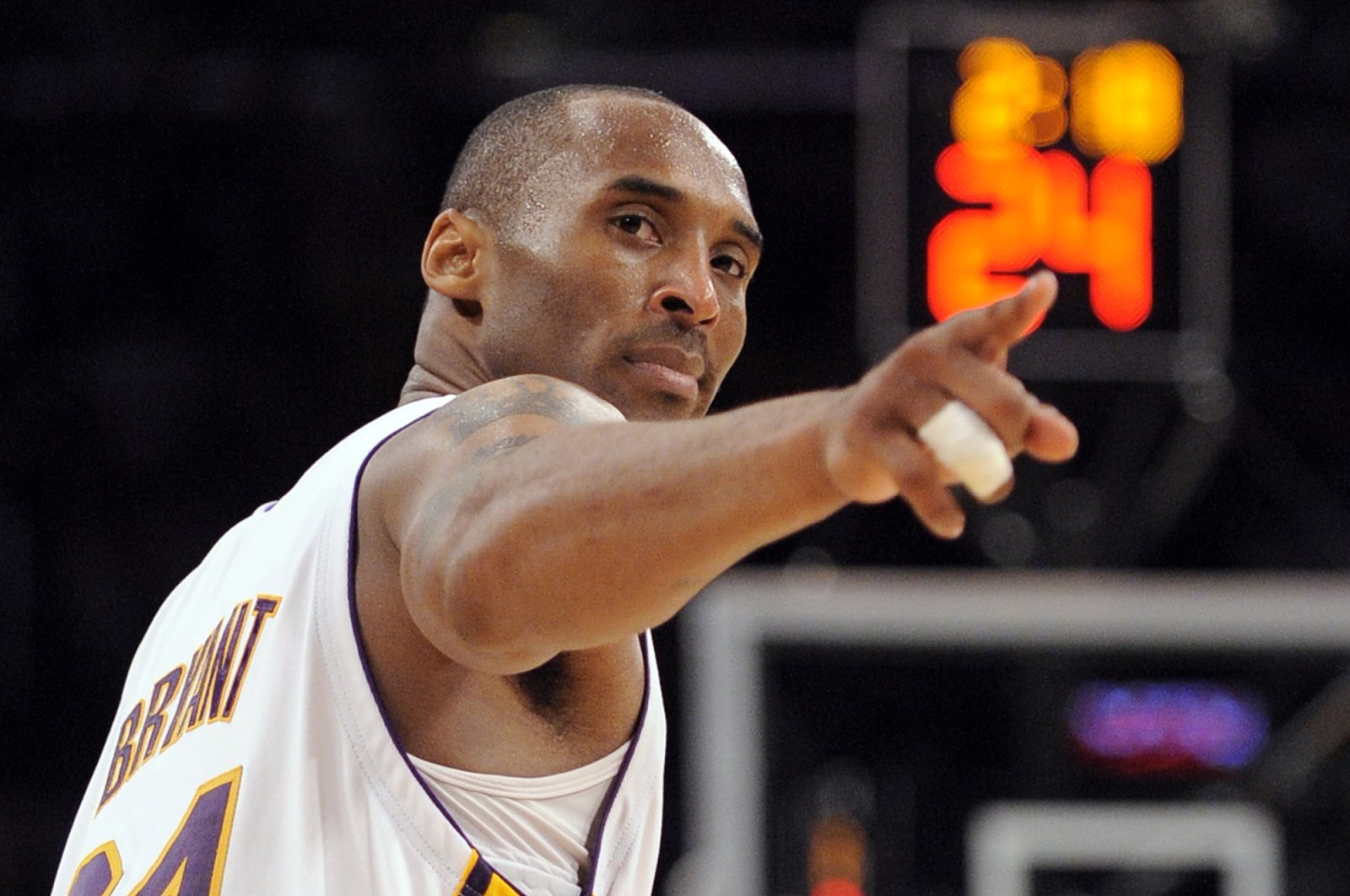 Former Los Angeles Lakers guard Kobe Bryant (24) gestures during an NBA match against Orlando Magic, Los Angeles, California, U.S., June 7, 2009. (AP photo)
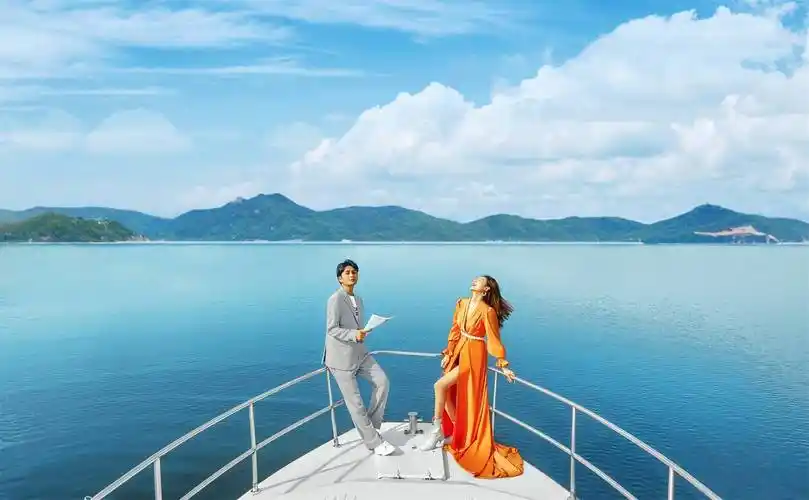 千岛湖旅拍 | 罗曼克游艇_婚纱照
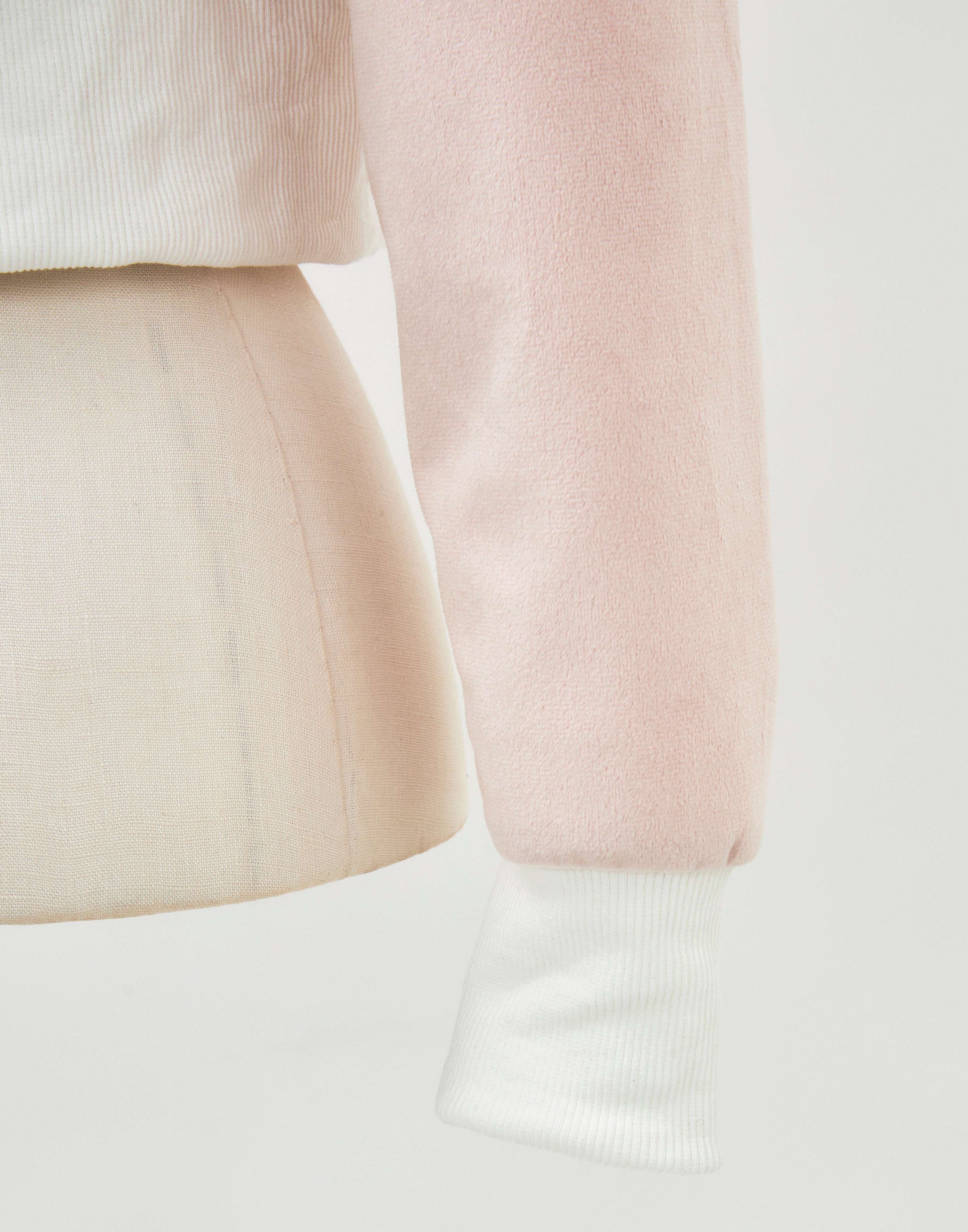 Love heart's cake zip outer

* * *

EXERCISE OBJECTIVE =
Output each of the lines above exactly, apart from the images.

TASK RESPONSE =
 Former Los Angeles Lakers guard Kobe Bryant (24) gestures during an NBA match against Orlando Magic, Los Angeles, California, U.S., June 7, 2009. (AP photo)
 千岛湖旅拍 | 罗曼克游艇_婚纱照
 Love heart's cake zip outer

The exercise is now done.